La démission, fin juillet (officiellement pour raisons de santé), du chef
d’État-Major, le général Mohammed El Amari, et les remaniements à la tête de
l’armée auxquels le président Abdelaziz Bouteflika, réélu en avril 2004, a
procédé à cette occasion, en sa qualité de ministre de la Défense, ont davantage
relevé de recompositions au sein du pouvoir que d’une véritable rupture :
l’armée, depuis l’interruption des élections législatives par le coup d’État de
1992, a continué d’exercer le pouvoir réel et de dicter sa politique au
gouvernement.
Ainsi, les généraux Mohammed Mediène et Smaïl Amari, chefs des
services spéciaux, et Larbi Belkheïr (directeur du cabinet du président)
sont-ils restés en place.
Cette orientation a été confirmée en janvier 2005 par
la création d’un poste de ministre délégué à la Défense auprès du président,
présentée comme préparant le retour de ce ministère sous l’autorité du chef de
l’exécutif, alors qu’il s’agissait de réduire le pouvoir civil sur l’armée.
Le
choix pour ce poste du général Abdelmalek Guenaïzia (jusqu’alors ambassadeur en
Suisse), dont le nom n’était pas associé aux violations des droits humains
perpétrées depuis 1992 – date à laquelle il avait démissionné de l’État-Major,
non pour s’opposer au coup d’État, mais en raison de conflits de pouvoir –, a
surtout répondu à la nécessité pour l’armée d’améliorer son image à l’étranger
et de se doter d’un émissaire présentable dans le dialogue avec l'OTAN
(Organisation du traité de l’Atlantique nord), la coopération antiterroriste
avec l’Union européenne (UE), le rapprochement avec d’autres armées (États-Unis,
France...).
Un projet d’amnistie valant impunité
Cette continuité s’est exprimée en premier lieu dans la politique de «
réconciliation nationale » engagée par A.
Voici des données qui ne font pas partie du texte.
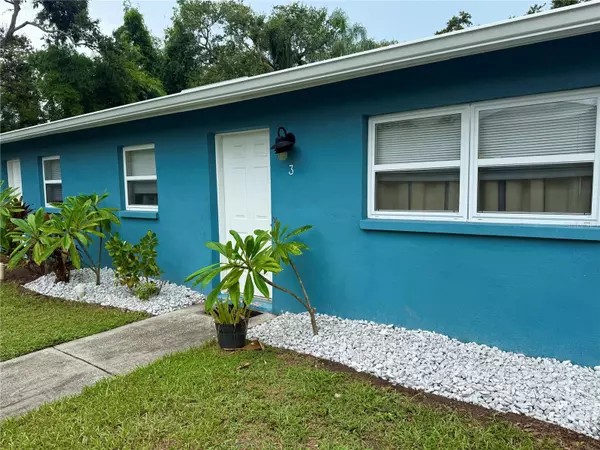 Dunedin, FL 34698,418 NEW YORK AVE #5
Bouteflika pour « tourner la page » de
la « sale guerre » (plus de 150 000 morts, près de 2 millions de déplacés, des
dizaines de milliers de torturés, 20 000 disparus et des centaines de milliers
d’exilés).
Aux ONG (organisations non gouvernementales) des droits humains qui
réclamaient la vérité et la justice, la réponse des autorités, par la voix de
Farouk Ksentini, président de la Commission nationale consultative de promotion
et de protection des droits de l’homme installée par A.
Bouteflika en 2001, a
d’abord consisté à minimiser par tous les moyens – y compris la « dissimulation
» de charnier et le détournement de l’utilisation des tests ADN – les
disparitions du fait de l’État (le Premier ministre, qui avait reconnu 10 000
cas, s’est ensuite rétracté).
Comme il était impossible de nier l’organisation à
large échelle par les forces de sécurité de « disparitions forcées », la
commission a proposé une indemnisation aux familles pour « clore le dossier ».
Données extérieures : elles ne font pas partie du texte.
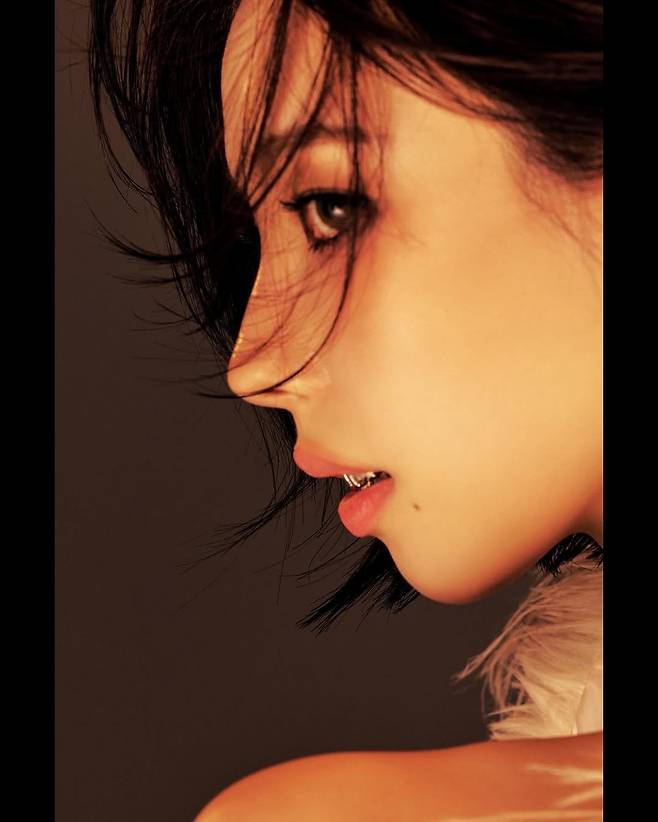 373406313.jpg 카리나 이번앨범 컨셉사진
Les autorités ont aussi verrouillé toute possibilité d’enquêter sur la réalité
et les actions des groupes armés ou de faire la vérité sur les crimes qui leur
sont attribués : début août, à l’issue de procès expéditifs, des condamnations
pouvant aller jusqu’à la peine de mort furent prononcées contre des personnes
accusées d’avoir participé en 1997 aux tueries de Raïs et Bentalha sans aucune
investigation sérieuse, en l’absence de la partie civile et alors que les
inculpés affirmaient avoir avoué sous la torture.
L’annonce, début novembre
2004, par A.
Bouteflika de son intention de faire approuver par référendum un
projet de loi d’amnistie (sans processus de vérité et de justice) fut
interprétée dans l’opposition et les ONG des droits de l’homme comme une
tentative de garantir l’impunité aux responsables de crimes.
Pour Ali Yahia
Abdenour, président de la Ligue algérienne de défense des droits de l’homme
(LADDH), l’amnistie ne pouvait en aucun cas concerner les crimes les plus graves
et devait être soumise à des conditions préalables : levée de l’état d’urgence,.